Article 48- Convocation
The Secretary of Social Welfare of the Presidency of the
Republic will solicit in written form from the State Institutions established
in Article 43 that they name their representatives and in the same manner
solicit from the 2 majority churches of the country for them to designate the
persons who will represent them before CONAD. It will publicly summon all of
the non-governmental organizations dedicated to the protection of the rights of
children and adolescents so that they can elect the person who should represent
them before the CONAD. This convocation should be done by two written means of
great circulation and if possible by any other means of social communication.
Article 49- The Regulation
The executive organism should prepare the Internal
Regulations of the National Adoption Council in a period of 6 months counted
from the publication of this present law in the Official Newspaper.
Article 50-
Upon finalizing the adoption, the adopting party acquires
the parental rights over the adoptee and the adoptee acquires the right to use
the surnames of the adoptive parent(s).
Article 51-
The adoptive parent is not the legal heir of the adoptee,
but the adopted child is the heir of his adoptive parent(s).
If the adoptee is not the heir, he will have the right to a
pension until he reaches legal age by those who are the heirs.
In the case of a willed inheritance, the pensions will only
be given in the part of the goods and the work of the pensioner are unable to
satisfy his necessities.
Article 52-
The adoptee and his natural family conserve their rights of
reciprocal succession.

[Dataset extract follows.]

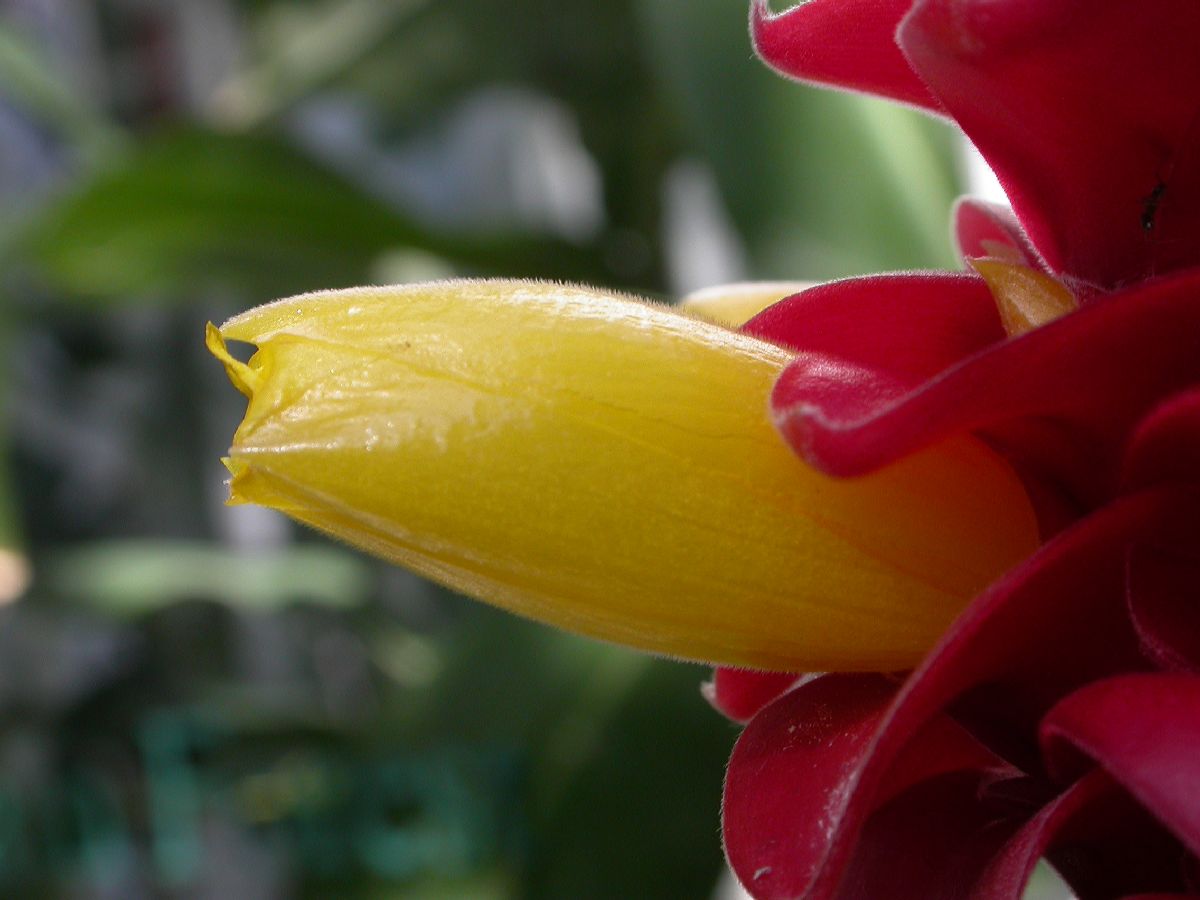 Costaceae Costus barbatus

If the adoptee should die before the adopting parents,
or should renounce his inheritance, or be excluded from it, his children do not
have the right of representation or to pensioned by the adopting parent.
Article 53-
If the adopting parent should die, the adoptee returns to
the power of his natural parents, his tutor, or the institution that placed him
for adoption.
Article 54-
The adoption can be terminated by the mutual consent of the
adoptive parent and the adoptee when the latter has reached legal age. It also
can be terminated by a Judicial Declaration of Absolute Nullity.
Article 55-
All modifications that operate in adoption, such as the
suspension or termination of parental rights, declaration of absolute nullity
and other relevant causes should be annotated in the margin of the birth
certificate of the adoptee.
Article 56-
The adoption processes will be transacted by the oral
procedures established in the Civil and Mercantile Process Code and auxiliarily
the dispositions of the referred code, the Civil Code, the Law of Family
Tribunals, Law of the Judicial Organism and International Treaties ratified by
Guatemala in the area of adoptions, in everything which is not expressly
established in this law.
Article 57-
The rehabilitation of the adopting parent in order to
exercise parental rights, leaves in effect the adoption according to the terms
established in the sentence.
TRANSITORY DISPOSITION
Article 58-
The judicial and notarial processes of adoption that are in
process when this law takes effect will continue their transactions following
the procedures established by the law effective at the time of their beginning.
DERROGATORY DISPOSITION
Article 59- Annulment
Chapter 6 of title 2 of book 1 of the Civil Code (Law Decree
106) and thearticles 28, 29, 30, 31, 32, and 33 of the Law Decree 54-77
of the Congressof the Republic are annulled.
Article 60- Entering into Force
This present decree will enter in force the day following
its publication inthe official newspaper.